• [Problem statement]: Retype the whole listing, character for character.

• [Data for review]:
<<<<

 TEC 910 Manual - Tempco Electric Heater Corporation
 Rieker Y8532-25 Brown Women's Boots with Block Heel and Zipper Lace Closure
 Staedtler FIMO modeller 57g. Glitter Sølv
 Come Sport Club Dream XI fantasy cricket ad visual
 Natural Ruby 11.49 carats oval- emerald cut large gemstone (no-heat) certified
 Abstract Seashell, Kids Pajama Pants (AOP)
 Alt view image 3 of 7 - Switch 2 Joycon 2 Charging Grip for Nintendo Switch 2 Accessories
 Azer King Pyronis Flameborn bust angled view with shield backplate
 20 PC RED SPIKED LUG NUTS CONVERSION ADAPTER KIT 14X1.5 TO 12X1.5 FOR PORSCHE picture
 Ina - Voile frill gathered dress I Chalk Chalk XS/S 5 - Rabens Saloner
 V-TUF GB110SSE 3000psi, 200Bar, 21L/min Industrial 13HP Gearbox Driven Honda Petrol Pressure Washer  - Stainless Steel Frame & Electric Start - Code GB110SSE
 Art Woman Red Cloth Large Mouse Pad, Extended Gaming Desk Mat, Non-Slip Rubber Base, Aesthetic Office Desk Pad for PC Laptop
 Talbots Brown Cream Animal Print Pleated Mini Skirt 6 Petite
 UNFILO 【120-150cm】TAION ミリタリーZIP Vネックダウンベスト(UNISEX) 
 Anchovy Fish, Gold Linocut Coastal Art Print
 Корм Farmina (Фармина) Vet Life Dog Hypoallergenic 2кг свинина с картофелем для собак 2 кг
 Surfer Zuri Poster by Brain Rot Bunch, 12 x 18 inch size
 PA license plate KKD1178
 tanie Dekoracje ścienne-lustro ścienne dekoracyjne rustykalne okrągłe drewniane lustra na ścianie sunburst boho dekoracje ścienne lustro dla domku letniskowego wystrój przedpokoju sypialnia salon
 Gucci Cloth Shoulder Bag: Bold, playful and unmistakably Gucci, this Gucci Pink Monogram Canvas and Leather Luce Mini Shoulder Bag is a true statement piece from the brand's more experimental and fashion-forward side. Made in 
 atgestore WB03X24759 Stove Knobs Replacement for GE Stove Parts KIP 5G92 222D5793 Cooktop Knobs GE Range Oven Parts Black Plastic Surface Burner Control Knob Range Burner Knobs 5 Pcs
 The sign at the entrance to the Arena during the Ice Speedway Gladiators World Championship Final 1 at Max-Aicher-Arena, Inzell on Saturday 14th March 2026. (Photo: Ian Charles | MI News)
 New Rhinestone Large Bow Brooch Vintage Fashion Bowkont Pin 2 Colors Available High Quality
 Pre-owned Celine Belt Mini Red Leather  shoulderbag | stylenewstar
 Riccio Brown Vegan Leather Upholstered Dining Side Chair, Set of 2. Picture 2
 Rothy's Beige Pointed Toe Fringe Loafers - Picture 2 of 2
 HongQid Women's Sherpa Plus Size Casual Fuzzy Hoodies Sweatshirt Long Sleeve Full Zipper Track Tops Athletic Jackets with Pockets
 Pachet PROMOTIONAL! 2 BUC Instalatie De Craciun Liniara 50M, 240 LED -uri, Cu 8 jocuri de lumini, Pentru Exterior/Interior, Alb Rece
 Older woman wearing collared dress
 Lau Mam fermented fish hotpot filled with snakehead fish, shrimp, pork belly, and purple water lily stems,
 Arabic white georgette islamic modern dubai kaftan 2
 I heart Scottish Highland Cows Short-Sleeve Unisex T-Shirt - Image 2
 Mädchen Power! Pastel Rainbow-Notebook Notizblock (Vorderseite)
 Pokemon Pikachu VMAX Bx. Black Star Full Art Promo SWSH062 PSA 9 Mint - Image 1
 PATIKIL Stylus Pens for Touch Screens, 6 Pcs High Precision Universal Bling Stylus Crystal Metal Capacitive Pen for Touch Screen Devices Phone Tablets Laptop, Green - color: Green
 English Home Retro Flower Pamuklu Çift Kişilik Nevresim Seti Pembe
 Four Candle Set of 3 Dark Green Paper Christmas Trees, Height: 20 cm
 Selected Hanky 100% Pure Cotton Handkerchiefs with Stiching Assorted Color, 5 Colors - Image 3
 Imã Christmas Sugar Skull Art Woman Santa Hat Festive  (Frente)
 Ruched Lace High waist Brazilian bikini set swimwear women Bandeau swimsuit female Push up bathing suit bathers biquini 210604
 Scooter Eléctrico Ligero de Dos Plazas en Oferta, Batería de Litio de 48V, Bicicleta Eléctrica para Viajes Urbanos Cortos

>>>>

• [Final answer]:
 TEC 910 Manual - Tempco Electric Heater Corporation
 Rieker Y8532-25 Brown Women's Boots with Block Heel and Zipper Lace Closure
 Staedtler FIMO modeller 57g. Glitter Sølv
 Come Sport Club Dream XI fantasy cricket ad visual
 Natural Ruby 11.49 carats oval- emerald cut large gemstone (no-heat) certified
 Abstract Seashell, Kids Pajama Pants (AOP)
 Alt view image 3 of 7 - Switch 2 Joycon 2 Charging Grip for Nintendo Switch 2 Accessories
 Azer King Pyronis Flameborn bust angled view with shield backplate
 20 PC RED SPIKED LUG NUTS CONVERSION ADAPTER KIT 14X1.5 TO 12X1.5 FOR PORSCHE picture
 Ina - Voile frill gathered dress I Chalk Chalk XS/S 5 - Rabens Saloner
 V-TUF GB110SSE 3000psi, 200Bar, 21L/min Industrial 13HP Gearbox Driven Honda Petrol Pressure Washer  - Stainless Steel Frame & Electric Start - Code GB110SSE
 Art Woman Red Cloth Large Mouse Pad, Extended Gaming Desk Mat, Non-Slip Rubber Base, Aesthetic Office Desk Pad for PC Laptop
 Talbots Brown Cream Animal Print Pleated Mini Skirt 6 Petite
 UNFILO 【120-150cm】TAION ミリタリーZIP Vネックダウンベスト(UNISEX) 
 Anchovy Fish, Gold Linocut Coastal Art Print
 Корм Farmina (Фармина) Vet Life Dog Hypoallergenic 2кг свинина с картофелем для собак 2 кг
 Surfer Zuri Poster by Brain Rot Bunch, 12 x 18 inch size
 PA license plate KKD1178
 tanie Dekoracje ścienne-lustro ścienne dekoracyjne rustykalne okrągłe drewniane lustra na ścianie sunburst boho dekoracje ścienne lustro dla domku letniskowego wystrój przedpokoju sypialnia salon
 Gucci Cloth Shoulder Bag: Bold, playful and unmistakably Gucci, this Gucci Pink Monogram Canvas and Leather Luce Mini Shoulder Bag is a true statement piece from the brand's more experimental and fashion-forward side. Made in 
 atgestore WB03X24759 Stove Knobs Replacement for GE Stove Parts KIP 5G92 222D5793 Cooktop Knobs GE Range Oven Parts Black Plastic Surface Burner Control Knob Range Burner Knobs 5 Pcs
 The sign at the entrance to the Arena during the Ice Speedway Gladiators World Championship Final 1 at Max-Aicher-Arena, Inzell on Saturday 14th March 2026. (Photo: Ian Charles | MI News)
 New Rhinestone Large Bow Brooch Vintage Fashion Bowkont Pin 2 Colors Available High Quality
 Pre-owned Celine Belt Mini Red Leather  shoulderbag | stylenewstar
 Riccio Brown Vegan Leather Upholstered Dining Side Chair, Set of 2. Picture 2
 Rothy's Beige Pointed Toe Fringe Loafers - Picture 2 of 2
 HongQid Women's Sherpa Plus Size Casual Fuzzy Hoodies Sweatshirt Long Sleeve Full Zipper Track Tops Athletic Jackets with Pockets
 Pachet PROMOTIONAL! 2 BUC Instalatie De Craciun Liniara 50M, 240 LED -uri, Cu 8 jocuri de lumini, Pentru Exterior/Interior, Alb Rece
 Older woman wearing collared dress
 Lau Mam fermented fish hotpot filled with snakehead fish, shrimp, pork belly, and purple water lily stems,
 Arabic white georgette islamic modern dubai kaftan 2
 I heart Scottish Highland Cows Short-Sleeve Unisex T-Shirt - Image 2
 Mädchen Power! Pastel Rainbow-Notebook Notizblock (Vorderseite)
 Pokemon Pikachu VMAX Bx. Black Star Full Art Promo SWSH062 PSA 9 Mint - Image 1
 PATIKIL Stylus Pens for Touch Screens, 6 Pcs High Precision Universal Bling Stylus Crystal Metal Capacitive Pen for Touch Screen Devices Phone Tablets Laptop, Green - color: Green
 English Home Retro Flower Pamuklu Çift Kişilik Nevresim Seti Pembe
 Four Candle Set of 3 Dark Green Paper Christmas Trees, Height: 20 cm
 Selected Hanky 100% Pure Cotton Handkerchiefs with Stiching Assorted Color, 5 Colors - Image 3
 Imã Christmas Sugar Skull Art Woman Santa Hat Festive  (Frente)
 Ruched Lace High waist Brazilian bikini set swimwear women Bandeau swimsuit female Push up bathing suit bathers biquini 210604
 Scooter Eléctrico Ligero de Dos Plazas en Oferta, Batería de Litio de 48V, Bicicleta Eléctrica para Viajes Urbanos Cortos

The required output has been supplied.